Assignment: Please transcribe exactly, and only, the lines of the data below between the line holding "El líder opositor" and the line holding "brno alfa giulietta", inclusive.

Source records:
********

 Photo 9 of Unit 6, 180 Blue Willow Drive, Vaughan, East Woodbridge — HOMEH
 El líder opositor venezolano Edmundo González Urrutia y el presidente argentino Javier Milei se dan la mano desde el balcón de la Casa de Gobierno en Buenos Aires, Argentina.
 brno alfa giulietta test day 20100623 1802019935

********

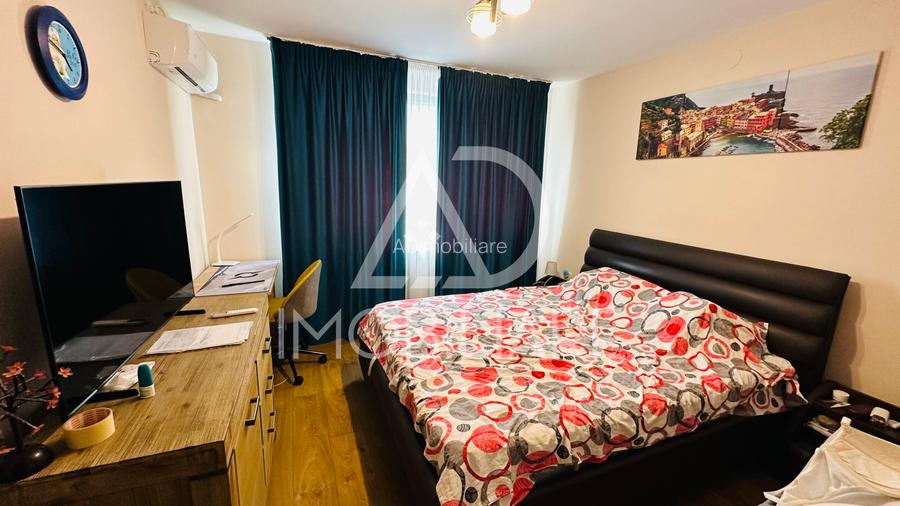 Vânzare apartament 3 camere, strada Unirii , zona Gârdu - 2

********

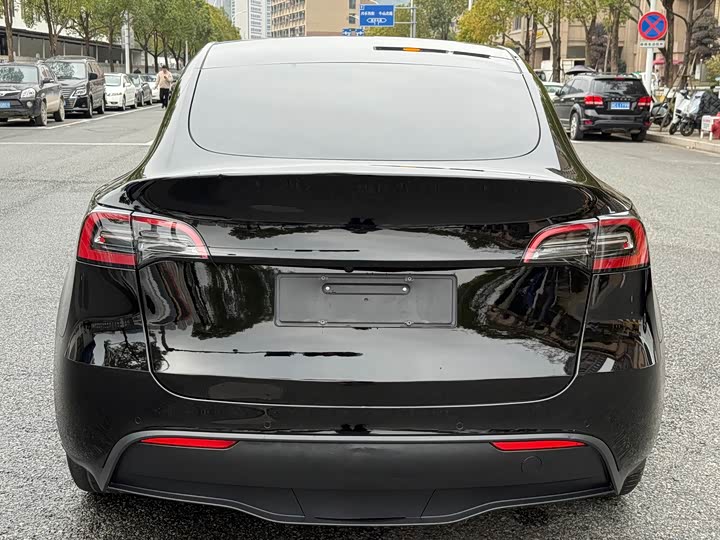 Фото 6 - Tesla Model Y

********

Output:
 El líder opositor venezolano Edmundo González Urrutia y el presidente argentino Javier Milei se dan la mano desde el balcón de la Casa de Gobierno en Buenos Aires, Argentina.
 brno alfa giulietta test day 20100623 1802019935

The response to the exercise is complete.